Les religions gagneraient à parler de mode, assure le théologien Alberto Fabio Ambrosio, codirecteur au Collège des Bernardins du séminaire « Ecologie de la mode : vers de nouvelles vertus », et auteur de Mode et Religion. Habiller le sacré, sacraliser le look (Hermann, 2024) et de Théologie de la mode. Dieu trois fois tailleur (Hermann, 2021). Alors que s’ouvre la Paris Fashion Week (23 septembre-1er octobre), ce religieux dominicain appelle, dans un entretien au Monde, les cultes à inventer une « nouvelle pudeur », non plus en contrôlant ce que couvrent ou non nos vêtements sur nos corps, mais en s’engageant contre « l’injustice esthétiquo-économique et environnementale » que suscite l’industrie de la mode.
La mode n’est-elle pas un sujet futile pour un théologien habitué à discourir sur Dieu ?
La mode est un phénomène social, économique, politique et esthétique incontournable pour comprendre les sociétés contemporaines. Il suffit de regarder les chiffres de l’industrie du textile [1 530 milliards de dollars de chiffre d’affaires dans le monde en 2022] pour comprendre à quel point la mode est un phénomène qui fait vivre la société. En tant que théologien, je travaille sur des phénomènes sociaux globalisants, totalisants, c’est-à-dire qui concernent tant l’individu que la collectivité. Or, c’est le cas de la mode comme de la religion.

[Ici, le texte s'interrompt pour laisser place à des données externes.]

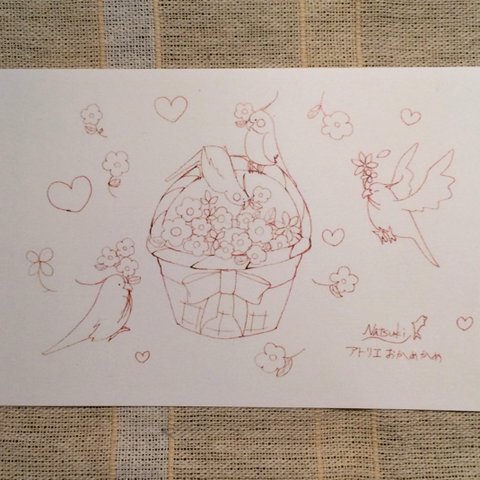 塗り絵ハガキ オカメインコ&花かご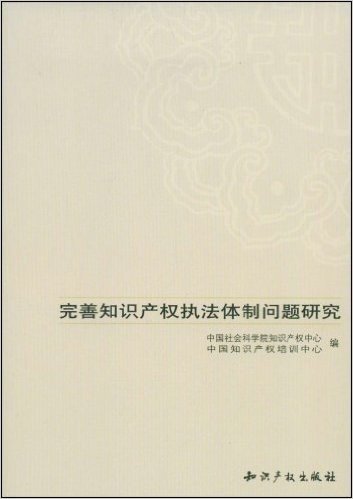 完善知识产权执法体制问题研究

Les deux peuvent réenchanter une existence : des individus trouvent du sens à leur vie à travers l’expérience esthétique et culturelle vécue grâce au vêtement. L’habillement et la mode sont deux éléments fondamentaux du langage en société. Chaque individu se définit par le vêtement qu’il porte – l’habit fait le moine. Or, si je me laisse porter par le langage des marques, par les icônes de la mode, si acheter de nouveaux produits me procure du plaisir ou un sentiment de bien-être et si j’attends les nouvelles tendances comme des oracles, alors la mode se profile comme un système de sens. La mode donne des lignes à suivre, fait se sentir bien, voire donne du bonheur et sème, en ce sens, des grains de salut.
Il s’agit aussi d’une industrie polluante, notamment à travers la fast-fashion, qui incite à l’achat régulier et au gaspillage. Quel regard portez-vous sur ce phénomène mondial ?

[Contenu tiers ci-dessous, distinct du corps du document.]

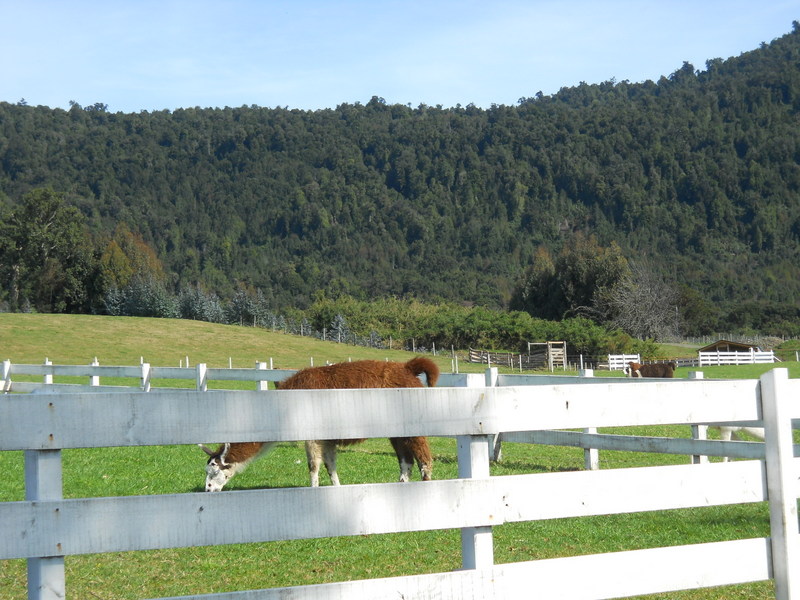 Foto: Puerto Varas - Puerto Varas (Los Lagos), Chile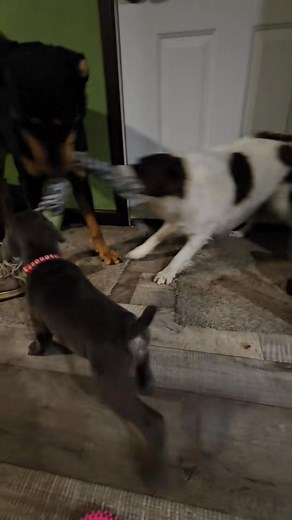 Cardigk 7sx on Reels | Facebook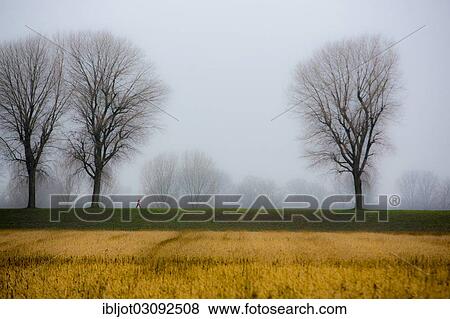 "Woman walking, dreary winter weather, fog, bare trees, bei Stockum, D? ƒsseldorf, North Rhine-Westphalia, Germany, Europe" View Large Photo Image Stock Photo - "Woman walking, dreary winter weather, fog, bare trees, bei Stockum, D? ƒsseldorf, North Rhine-Westphalia, Germany, Europe". Fotosearch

Les vêtements de la fast-fashion incitent effectivement à consommer et favorisent l’exploitation de la planète et de ressources humaines à bas coût. Mais il ne faut pas mésestimer l’impact de la haute couture et du luxe. Ce sont ces dernières qui font les tendances et entretiennent une forme de tension esthétique, faite de changements continuels. La fast-fashion est une réponse populaire à ce phénomène.